Much of this is fanciful at best. Lenin once described terrorists as liberals with bombs, and it’s hard to escape the feeling that there’s a similar dynamic at work here. That Ministry relies on a terroristic Deus ex Machina, armed with an imaginary super-weapon, to provide the key engine of social change suggests a seriously flawed politics. And it’s not just the means of change that are fanciful, but the nature of the change itself. By the end of the book, the immediate climate catastrophe has been avoided, at least for now. But the world order has merely been re-jigged rather than overthrown, despite the waves of popular action that have swept the planet. The big banks and the big states remain the dominant actors on the world stage. KSR suggests that’s just the way it has to be:

“One scary thing, there has to still be money, or at least some exchange or allocation system that people trust, which means the already-existing central banks have to be part of it, which means the current nation-state system has to be part of it. Sorry but it’s true, and maybe obvious. Even if you are a degrowth devolutionist, an anarchist or a communist or a fan of world government, we only do the global in the current world order by way of the nation-state system. Or call it by way of the family of languages, if it makes you feel better….It is what we’ve got now, and in the crux, when things fall apart, something from the old system has to be used to hang the new system on, hopefully something big and solid. Without that it’s castles in the air time, and all will collapse into chaos. So yes: money, meaning central banks, meaning the nation-state system. It’s a social agreement, nothing more.”

kim stanley robinson

But of course, it isn’t just a social agreement. It’s a power relationship based on a specific organisation of the means of production – something we call capitalism! And the way that untrammelled capitalism underlies and underwrites the climate catastrophe itself is an issue that KSR cannot fully address given the limitations of his politics. Although mass action from below forms an important thread in the process of change that he describes, it’s very much secondary to the actions of the technocrats and the bankers. In the end, it’s those bankers – with a helpful nudge from the bureaucrats and the terrorists – who save the planet.

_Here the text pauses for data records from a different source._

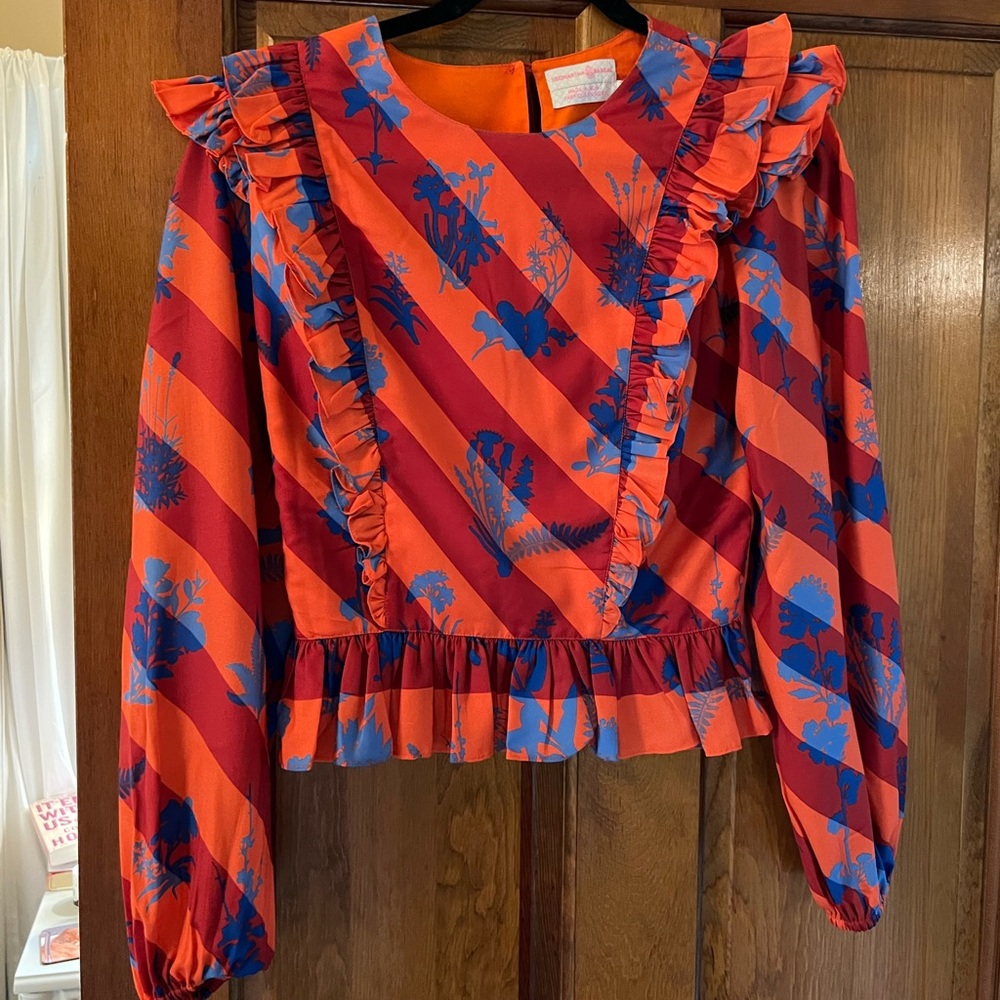 Anthropologie blouse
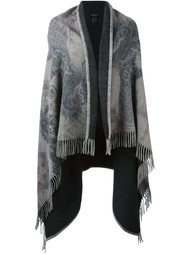 paisley print cape Etro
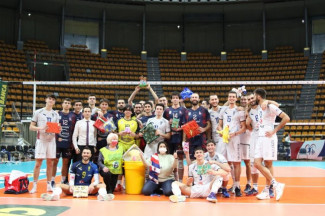 Geetit Bologna  - Tinet Prata   0-3 ( 16-25; 18-25;13-25)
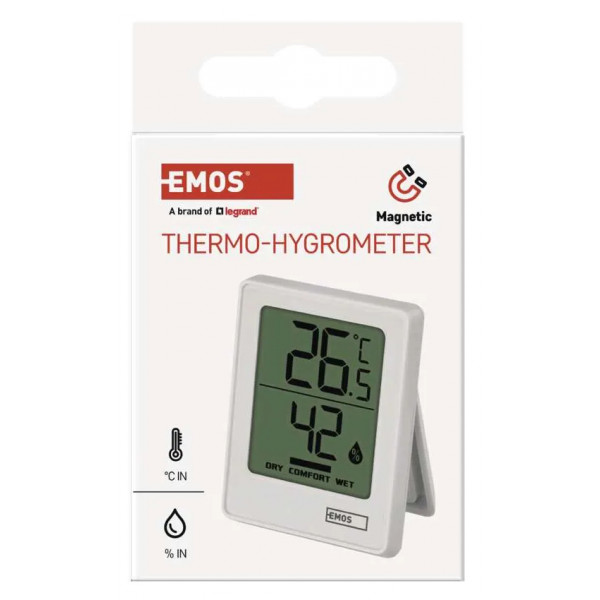 Фото - Термогігрометр Emos E0345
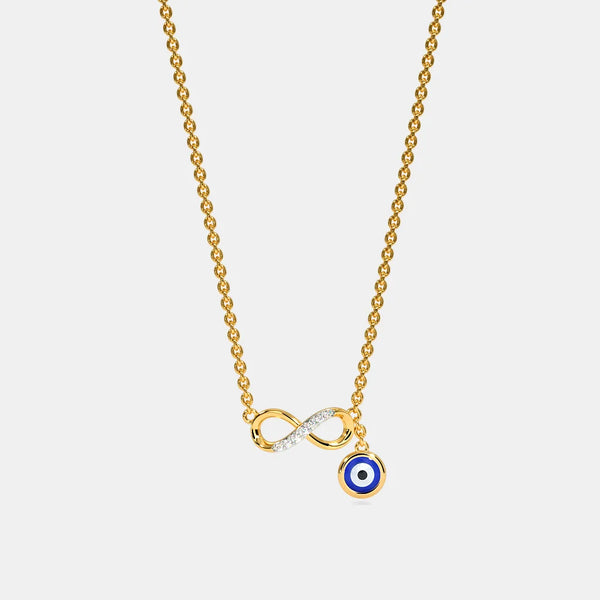 The Koyna Evil Eye Mangalsutra - Aggarwal jewels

In the final analysis, KSR’s optimism seems to be predicated on the world’s key actors behaving in ways which are utterly alien to them. In the real world, the Paris Agreement is never going to provide the impetus for the major changes needed to avert climate catastrophe. Nor are the bankers and the leading capitalists, no matter how much pressure is exerted on them, going to mend their ways and suddenly begin acting for the common good. The world’s main imperial powers are not going to transform themselves into enlightened agents of social progress. Faced with the reality we actually inhabit – where feral capitalism holds sway and profit trumps all other considerations – Ministry’s vision of change bears the hallmarks of a reformist socialism that simply fails to convince.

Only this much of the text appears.